To find out what kind of link a range is in or selects, get an ITextFont2 from the range (call ITextRange2::GetFont2(ppFont)) and then call ITextFont2::GetLinkType. The value returned has the following semantics
tomNoLink | 0 | Not any kind of link |
tomClientLink | 1 | Client link |
tomFriendlyLinkName | 2 | Friendly name of a friendly-name link |
tomFriendlyLinkAddress | 3 | Address of a friendly-name link |
tomAutoLinkURL | 4 | Auto URL |
tomAutoLinkEmail | 5 | Email address |
tomAutoLinkPhone | 6 | Phone number |
tomAutoLinkPath | 7 | File path |
tomNoAutoLink | 15 | Auto link recognition suppressed |
User Interface
If you only select part of the friendly name, the URL isn’t included. If you select the whole friendly name, the URL is included. If you select from inside the friendly name up through a character outside the friendly name, the whole link is selected along with whatever is selected outside the link
Consider the friendly hyperlink for the text “Hello” pointing to the URL “http://www.hello.com”. It has the following dispatch behavior:
- If the cursor is in the middle of the word “Hello” (say between “He” or “el” or “ll” or “lo”) and you hit Enter, an EN_LINK notification is sent and the client launches the link.

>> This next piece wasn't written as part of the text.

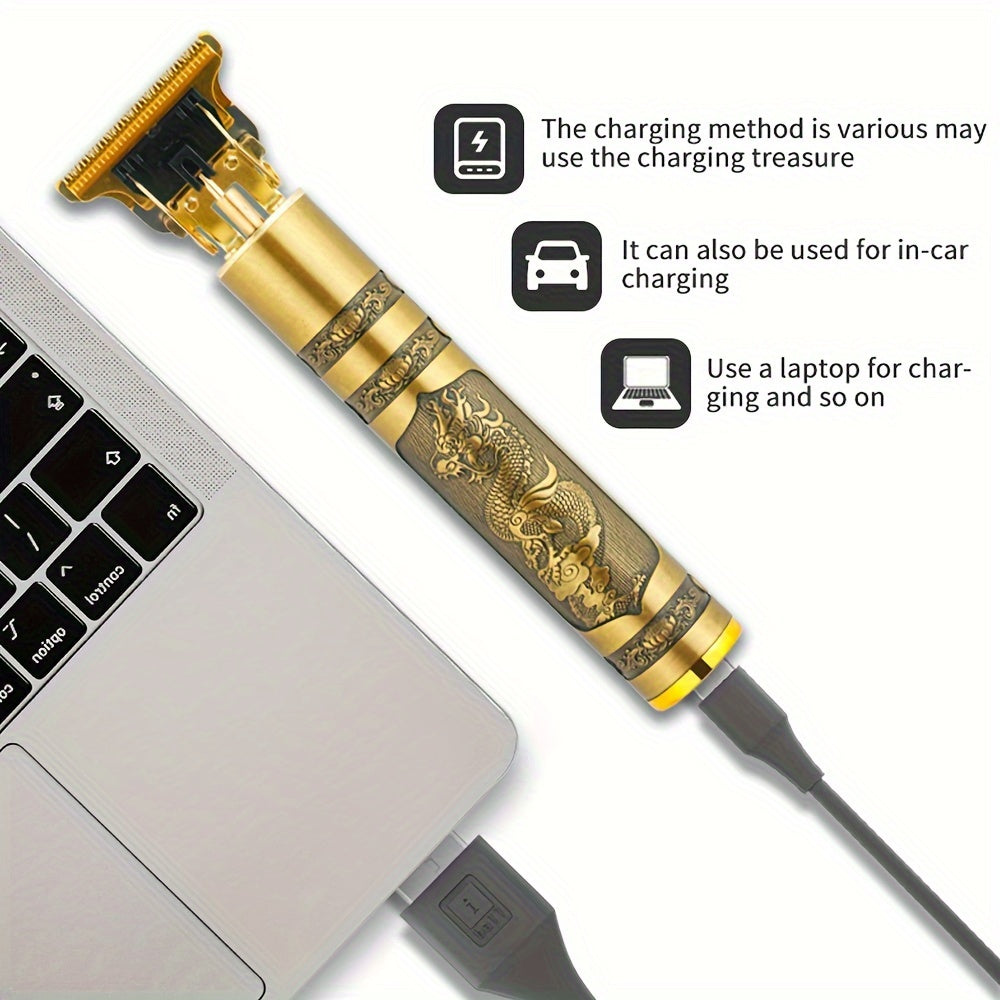 2-Piece Multi-Functional Grooming Hair Clippers Set  – USB Charging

- However if the cursor precedes the “H” or follows the “o”, no EN_LINK notification is sent and an end of paragraph is inserted.
Word has the same behavior for the Enter key. The problem is that the Enter key is also used for inserting a paragraph break. So in these edge cases, a choice had to be made and the usual meaning of Enter prevailed. If there’s pointer access to a link, e.g., mouse or touch, the hyperlink can be launched easily that way.
What was the rationale for requiring quotes on the URL passed to SetURL? Future expansion like “http:…”nohandcursor=1 ?
MSDN mentions a 0xFDDF sentinel prefix, what is that and why would you want to use it?
Quotes appear in the internal format. Probably SetURL() shouldn’t require them in the BSTR since SetURL() could add them. OneNote requested the sentinel prefix, perhaps to find friendly-name hyperlinks by examining the plain-text. I didn’t notice that MSDN mentioned it, or I would have documented it in the post.